The purpose of the Offer is for Purchaser to acquire a majority of the
Outstanding Shares and as a result the Company will be a direct majority-owned
subsidiary of Purchaser. The Company has represented to Purchaser that, as of
August 31, 2000, there were 45,215,695 Shares issued and outstanding. Based upon
such information, and assuming that no Shares are otherwise issued after August
31, 2000, if at least 7,186,668 Shares in the aggregate are validly tendered and
not timely withdrawn prior to the expiration of the Offer, the Minimum Condition
will be satisfied.
Purchaser will purchase up to the Maximum Number of Shares.
Under the Tender Offer Agreement, the Schedule B Stockholders have agreed
to validly tender in, and not withdraw from, the Offer all of their Shares
(which, based upon the information set forth on Schedule B to the Tender Offer
Agreement, equals in the aggregate 5,852,905 Shares, and which constitute
approximately 12.94% of the total number of Shares outstanding, as of October 3,
2000. In addition, pursuant to the Tender Offer Agreement, the Schedule A
Stockholders have granted to Purchaser an option to purchase all of their Shares
(which based upon the information set forth on Schedule A to the Tender Offer
Agreement, equals in the aggregate 16,951,445 Shares, and which constitute
approximately 37.49% of the total number of Shares outstanding, as of October 3,
2000), which Purchaser shall exercise upon the consummation of the Offer at a
price per Share equal to $2.32, but only to the extent necessary for Purchaser
to acquire the Maximum Number of Shares (taking into account the number of
Shares validly tendered and not properly withdrawn prior to the expiration of
the Offer). See Section 13 of the Offer to Purchase.
Thus, if the Minimum Condition is satisfied and Purchaser accepts for
payment Shares tendered pursuant to the Offer and exercises the option (if and
to the extent necessary) to acquire a certain number of the Schedule A
Stockholders' Shares, Purchaser will be the beneficial owner of a majority of
the total number of Outstanding Shares.

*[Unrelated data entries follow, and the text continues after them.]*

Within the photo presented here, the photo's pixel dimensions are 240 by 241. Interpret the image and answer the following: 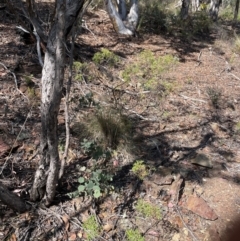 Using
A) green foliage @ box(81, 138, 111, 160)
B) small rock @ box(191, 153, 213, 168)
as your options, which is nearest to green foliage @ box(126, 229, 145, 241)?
green foliage @ box(81, 138, 111, 160)

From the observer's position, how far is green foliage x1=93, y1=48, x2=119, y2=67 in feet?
15.6

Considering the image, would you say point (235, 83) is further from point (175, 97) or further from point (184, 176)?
point (184, 176)

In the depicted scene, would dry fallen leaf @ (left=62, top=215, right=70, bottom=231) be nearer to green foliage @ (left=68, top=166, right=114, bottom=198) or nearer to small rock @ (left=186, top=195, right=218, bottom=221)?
green foliage @ (left=68, top=166, right=114, bottom=198)

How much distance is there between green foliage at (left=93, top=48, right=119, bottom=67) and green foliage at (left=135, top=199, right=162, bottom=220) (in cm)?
269

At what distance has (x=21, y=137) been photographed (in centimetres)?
298

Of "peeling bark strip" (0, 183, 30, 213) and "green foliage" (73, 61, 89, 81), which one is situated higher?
A: "green foliage" (73, 61, 89, 81)

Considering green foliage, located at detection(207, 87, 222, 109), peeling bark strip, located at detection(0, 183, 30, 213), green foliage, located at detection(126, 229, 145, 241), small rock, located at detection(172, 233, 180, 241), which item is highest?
green foliage, located at detection(207, 87, 222, 109)

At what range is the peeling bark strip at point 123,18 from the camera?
19.7 ft

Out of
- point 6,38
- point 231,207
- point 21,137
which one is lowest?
point 231,207

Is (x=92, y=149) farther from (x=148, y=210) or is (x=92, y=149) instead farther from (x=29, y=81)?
(x=29, y=81)

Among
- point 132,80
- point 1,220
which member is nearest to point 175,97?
point 132,80

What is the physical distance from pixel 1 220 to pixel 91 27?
4.65 meters

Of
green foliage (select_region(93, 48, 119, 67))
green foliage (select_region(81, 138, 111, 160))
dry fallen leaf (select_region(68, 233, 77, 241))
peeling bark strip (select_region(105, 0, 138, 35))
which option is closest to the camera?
dry fallen leaf (select_region(68, 233, 77, 241))

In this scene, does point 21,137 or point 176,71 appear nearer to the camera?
point 21,137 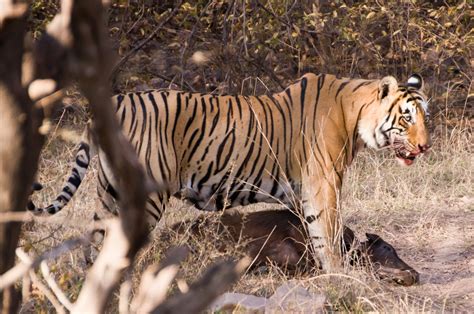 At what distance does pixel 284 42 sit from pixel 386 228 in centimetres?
326

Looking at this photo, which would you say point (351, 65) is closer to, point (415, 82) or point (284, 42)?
point (284, 42)

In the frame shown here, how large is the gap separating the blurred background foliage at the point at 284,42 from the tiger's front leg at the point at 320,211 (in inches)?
131

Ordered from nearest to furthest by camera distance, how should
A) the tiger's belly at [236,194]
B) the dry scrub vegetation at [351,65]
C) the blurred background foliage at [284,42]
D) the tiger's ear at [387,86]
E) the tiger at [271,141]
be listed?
the tiger at [271,141] < the tiger's belly at [236,194] < the tiger's ear at [387,86] < the dry scrub vegetation at [351,65] < the blurred background foliage at [284,42]

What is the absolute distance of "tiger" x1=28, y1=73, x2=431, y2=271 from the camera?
6.11m


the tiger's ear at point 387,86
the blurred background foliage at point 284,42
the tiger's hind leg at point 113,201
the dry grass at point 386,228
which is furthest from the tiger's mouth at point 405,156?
the blurred background foliage at point 284,42

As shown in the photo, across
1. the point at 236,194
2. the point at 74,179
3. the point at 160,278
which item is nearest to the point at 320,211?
the point at 236,194

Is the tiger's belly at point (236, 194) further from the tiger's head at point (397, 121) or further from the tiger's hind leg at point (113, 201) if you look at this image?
the tiger's head at point (397, 121)

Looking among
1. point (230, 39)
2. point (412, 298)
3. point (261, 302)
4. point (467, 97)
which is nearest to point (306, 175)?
point (412, 298)

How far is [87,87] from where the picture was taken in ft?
4.49

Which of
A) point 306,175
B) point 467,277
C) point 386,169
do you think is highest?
point 306,175

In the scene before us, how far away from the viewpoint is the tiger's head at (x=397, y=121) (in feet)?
21.4

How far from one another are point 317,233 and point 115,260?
4.76 meters

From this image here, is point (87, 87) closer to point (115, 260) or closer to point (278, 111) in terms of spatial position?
point (115, 260)

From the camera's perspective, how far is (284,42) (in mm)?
10078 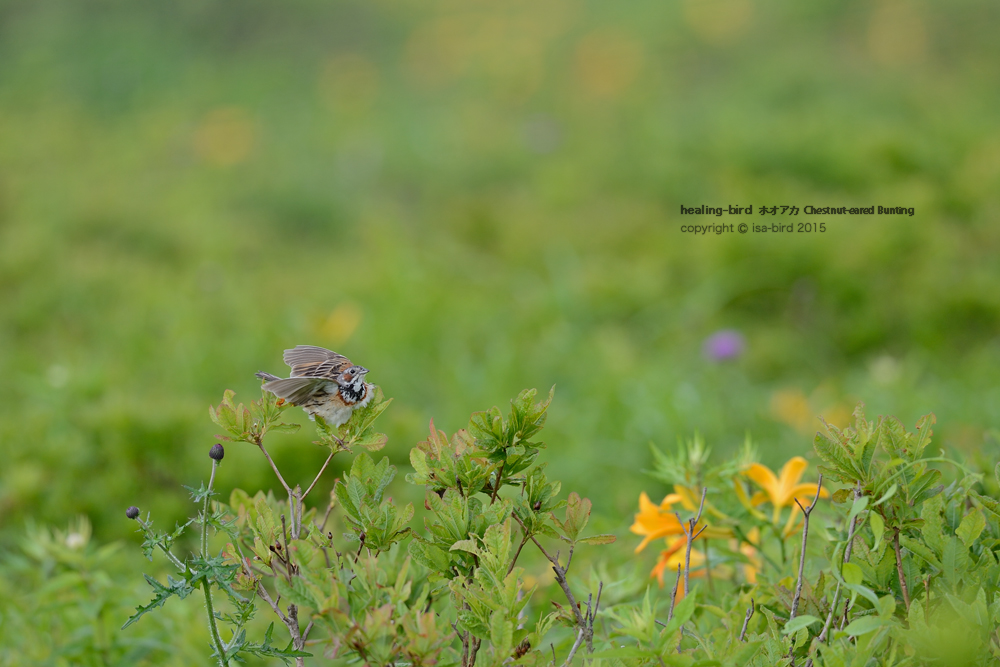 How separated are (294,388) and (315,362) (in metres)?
0.13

It is expected that at least a majority
of the directors on the Company's Board of Directors will resign upon
consummation of the Offer and the directors appointed by Purchaser will replace
such directors. See section 12 of the Offer to Purchase.
Alternatively, under the Tender Offer Agreement, if the Offer is terminated
or is not consummated, and Purchaser is not precluded either directly or
indirectly by applicable law or by administrative or judicial action from
purchasing up to the Maximum Number of Shares outside of the Offer, each of the
Identified Stockholders shall sell to Purchaser, and Purchaser shall purchase
from each Identified Stockholder, the number of Shares set forth opposite from
such Identified Stockholder's name on Schedule A and Schedule B, as the case may
be, to the Tender Offer Agreement (collectively, the "Identified Stockholders
Shares"), at a price per Share equal to $2.32. See Section 13 of the Offer to
Purchase.
Tendering Shares pursuant to the Offer will not affect the right of
stockholders to receive dividends declared by the Company, if any, with a record
date prior to the date on which Purchaser purchases the Shares pursuant to the
Offer. See Section 6 of the Offer to Purchase.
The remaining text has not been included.